Canon PowerShot S90 (£379.00) Point-and-shoot cameras are flooding the market these days (and the front counter of every Curry’s), but this one is a standout. 10 megapixels and host of granular control options give you almost as much flexibility as the beefier G11, but its tiny size and auto functions will help when you just want to fire off a few shots.

Dell Mini 10v (£229.00+) It’s small, it’s a workhorse, and it’s oh-so-hackable. Netbooks make great travel laptops, notetakers and coffee-shop companions, and this one, thanks to an upcoming Flash update, will even handle most video ably. If your giftee is into voiding warranties, this is the right toy.
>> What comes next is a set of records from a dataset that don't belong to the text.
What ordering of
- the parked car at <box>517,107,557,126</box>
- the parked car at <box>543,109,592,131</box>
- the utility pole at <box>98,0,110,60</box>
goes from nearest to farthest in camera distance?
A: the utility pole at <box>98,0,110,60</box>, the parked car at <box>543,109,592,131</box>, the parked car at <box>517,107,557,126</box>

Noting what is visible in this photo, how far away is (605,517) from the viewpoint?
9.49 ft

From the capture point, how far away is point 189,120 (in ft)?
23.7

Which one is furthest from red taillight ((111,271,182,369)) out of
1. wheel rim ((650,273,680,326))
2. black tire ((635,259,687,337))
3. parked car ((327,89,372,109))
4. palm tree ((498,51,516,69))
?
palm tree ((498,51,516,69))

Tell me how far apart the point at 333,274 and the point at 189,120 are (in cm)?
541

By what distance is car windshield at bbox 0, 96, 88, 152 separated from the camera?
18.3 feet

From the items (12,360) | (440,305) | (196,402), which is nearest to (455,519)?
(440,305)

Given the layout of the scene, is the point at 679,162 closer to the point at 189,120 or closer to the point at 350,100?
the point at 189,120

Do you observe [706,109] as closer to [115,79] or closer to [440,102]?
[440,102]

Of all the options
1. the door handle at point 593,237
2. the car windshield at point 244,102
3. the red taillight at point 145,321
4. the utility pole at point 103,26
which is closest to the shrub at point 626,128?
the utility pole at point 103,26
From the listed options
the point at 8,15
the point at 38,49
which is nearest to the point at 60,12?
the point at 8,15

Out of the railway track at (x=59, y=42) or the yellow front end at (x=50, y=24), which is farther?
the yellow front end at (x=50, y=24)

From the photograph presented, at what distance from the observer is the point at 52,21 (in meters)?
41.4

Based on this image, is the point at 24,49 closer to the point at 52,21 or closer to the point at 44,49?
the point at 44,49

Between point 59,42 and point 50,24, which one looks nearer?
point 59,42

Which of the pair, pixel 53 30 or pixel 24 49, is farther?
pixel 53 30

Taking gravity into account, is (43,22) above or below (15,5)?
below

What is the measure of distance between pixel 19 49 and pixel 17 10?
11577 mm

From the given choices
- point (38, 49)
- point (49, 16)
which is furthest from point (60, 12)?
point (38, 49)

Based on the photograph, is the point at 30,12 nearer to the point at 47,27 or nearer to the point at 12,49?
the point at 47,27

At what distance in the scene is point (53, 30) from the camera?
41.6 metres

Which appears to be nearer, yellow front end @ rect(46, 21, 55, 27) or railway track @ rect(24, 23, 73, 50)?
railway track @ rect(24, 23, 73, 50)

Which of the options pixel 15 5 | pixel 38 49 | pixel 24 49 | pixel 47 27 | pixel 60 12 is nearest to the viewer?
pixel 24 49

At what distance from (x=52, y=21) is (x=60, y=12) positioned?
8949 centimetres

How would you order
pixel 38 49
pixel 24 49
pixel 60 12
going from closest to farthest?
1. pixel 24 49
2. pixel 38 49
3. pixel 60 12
Freeloader Pro Solar Charger (£53.95) They aren’t perfect, and they won’t solve the energy crisis just yet, but now you can shove a solar panel into your pocket and charge your gadgets anywhere you like. Not that Scotland sees much sun, but this is the perfect charger for holidays, where they probably have a lot more.

Spotify or Dropbox account (£9.99 and £9.99 per month) These days, most of your data doesn’t live on your hard drive – you can get it all from the cloud, wherever you are. Pick up a Spotify account for a tenner a month and get access to a massive playlist on demand, or grab the Dropbox account to get 100GB of online storage for your crucial files and forget about your USB drives. Both have iPhone and Andriod apps, so you get all that juicy data on the road as well.